- SUPPLIED MATERIAL:

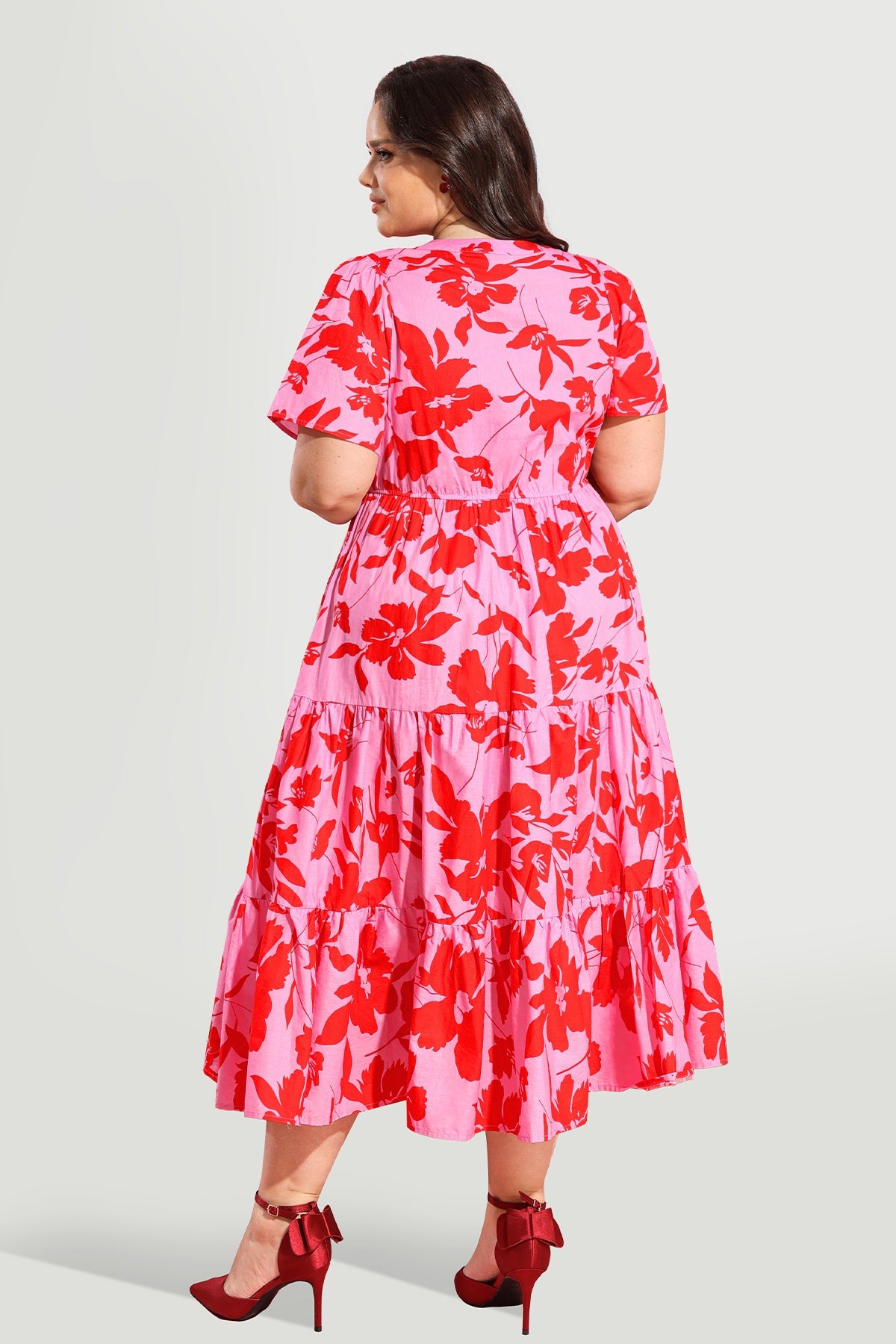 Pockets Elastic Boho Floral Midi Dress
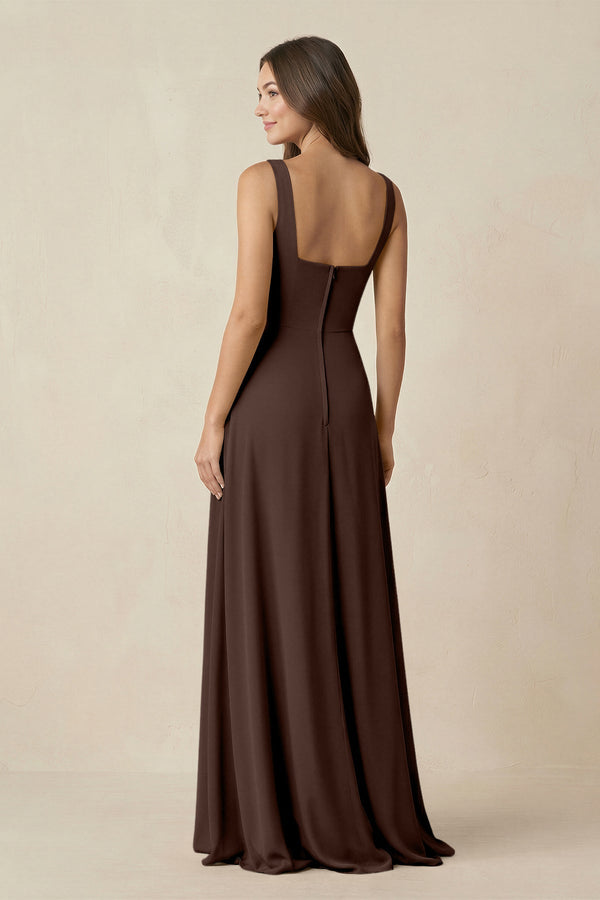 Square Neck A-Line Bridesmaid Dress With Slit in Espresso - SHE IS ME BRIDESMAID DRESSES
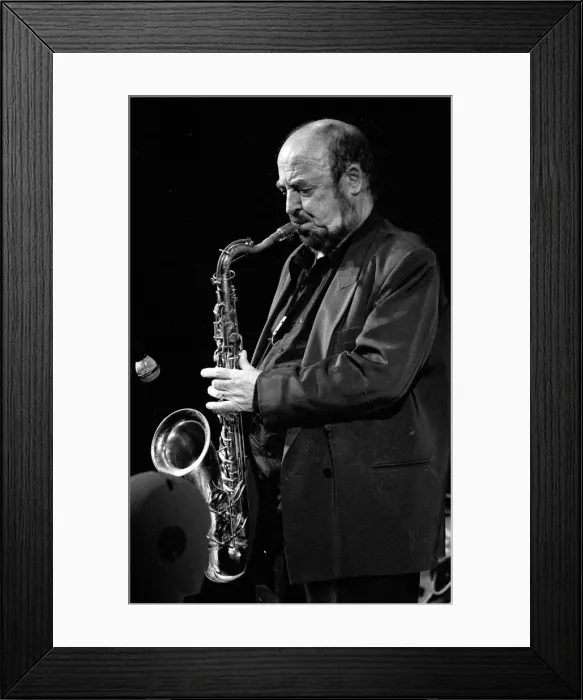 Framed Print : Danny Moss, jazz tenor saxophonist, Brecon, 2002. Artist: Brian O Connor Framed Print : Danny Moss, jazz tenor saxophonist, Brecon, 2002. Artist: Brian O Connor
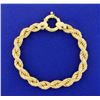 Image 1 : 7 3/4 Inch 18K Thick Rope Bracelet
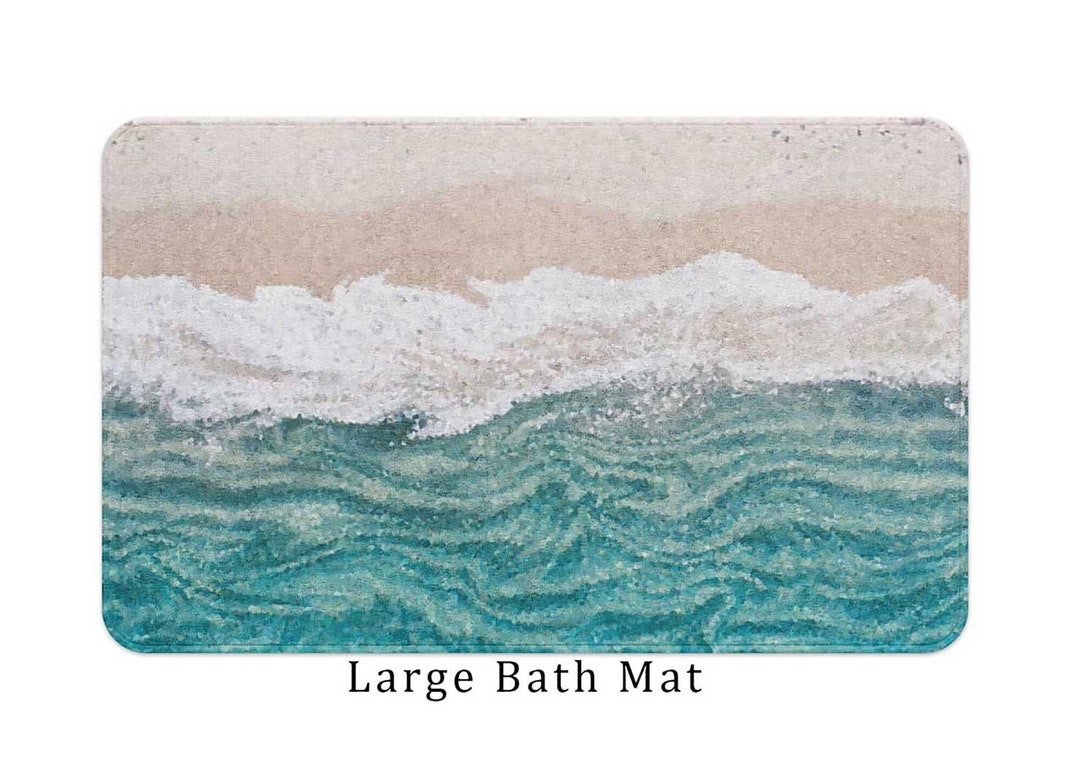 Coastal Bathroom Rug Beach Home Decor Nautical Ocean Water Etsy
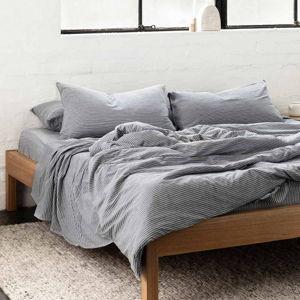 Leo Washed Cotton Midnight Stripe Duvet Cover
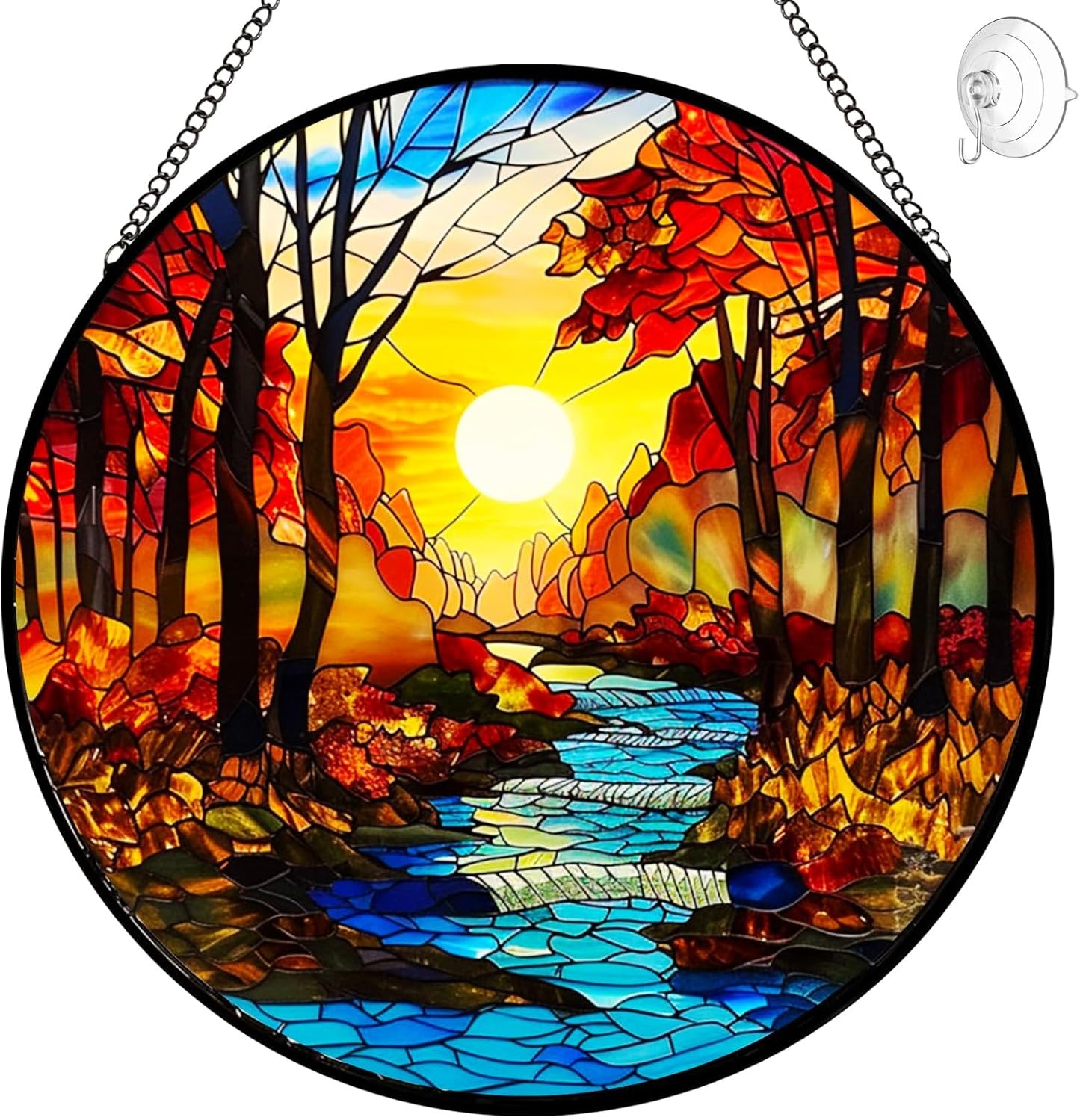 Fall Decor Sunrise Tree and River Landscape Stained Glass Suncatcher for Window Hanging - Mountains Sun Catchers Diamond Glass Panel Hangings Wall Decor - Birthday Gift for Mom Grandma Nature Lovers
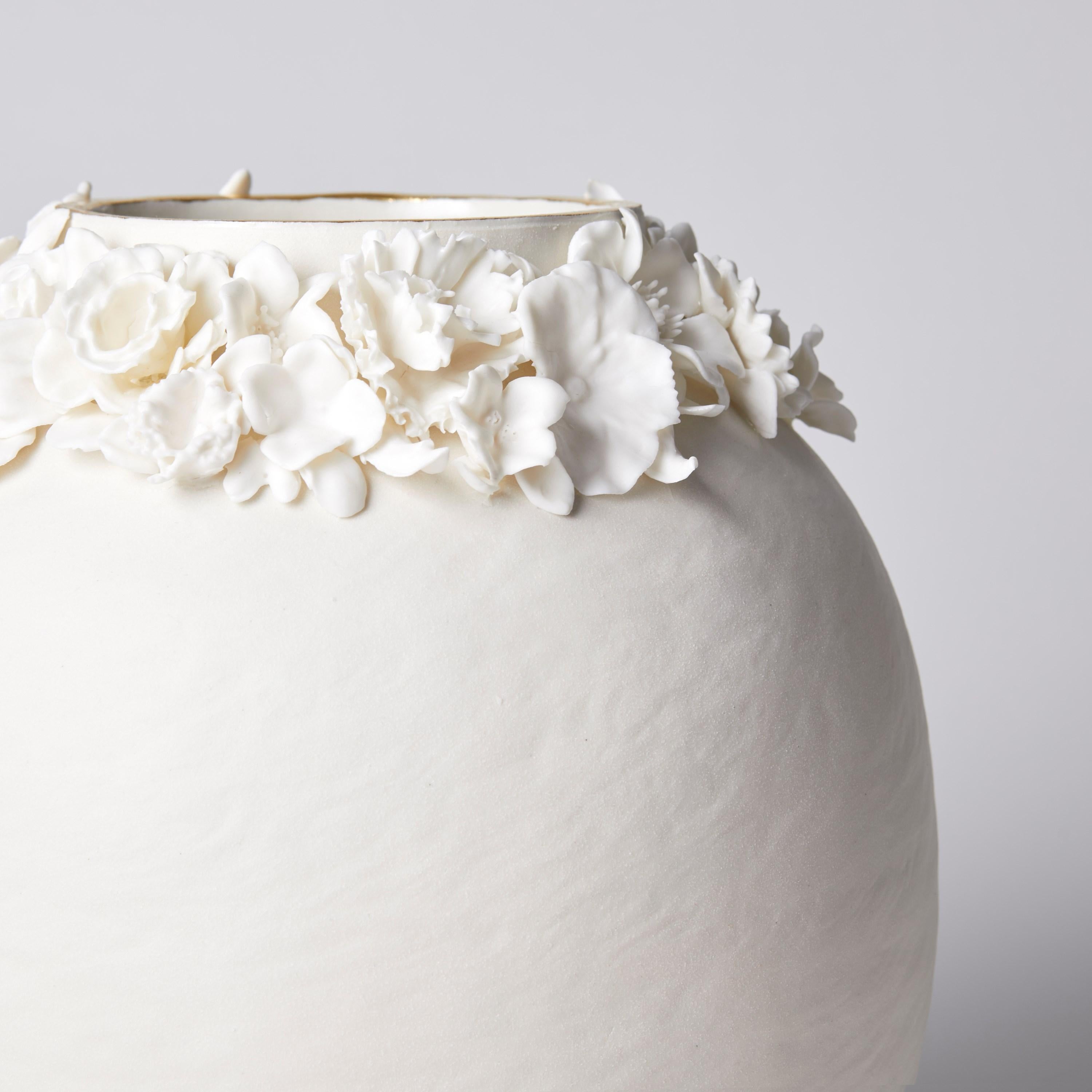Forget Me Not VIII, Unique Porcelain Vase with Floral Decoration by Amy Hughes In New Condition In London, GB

- WHAT IS REQUIRED: A verbatim copy of the entries, without the pictures, is what this task requires.

- PROBLEM SOLUTION:
 Pockets Elastic Boho Floral Midi Dress
 Square Neck A-Line Bridesmaid Dress With Slit in Espresso - SHE IS ME BRIDESMAID DRESSES
 Framed Print : Danny Moss, jazz tenor saxophonist, Brecon, 2002. Artist: Brian O Connor Framed Print : Danny Moss, jazz tenor saxophonist, Brecon, 2002. Artist: Brian O Connor
 Image 1 : 7 3/4 Inch 18K Thick Rope Bracelet
 Coastal Bathroom Rug Beach Home Decor Nautical Ocean Water Etsy
 Leo Washed Cotton Midnight Stripe Duvet Cover
 Fall Decor Sunrise Tree and River Landscape Stained Glass Suncatcher for Window Hanging - Mountains Sun Catchers Diamond Glass Panel Hangings Wall Decor - Birthday Gift for Mom Grandma Nature Lovers
Forget Me Not VIII, Unique Porcelain Vase with Floral Decoration by Amy Hughes In New Condition In London, GB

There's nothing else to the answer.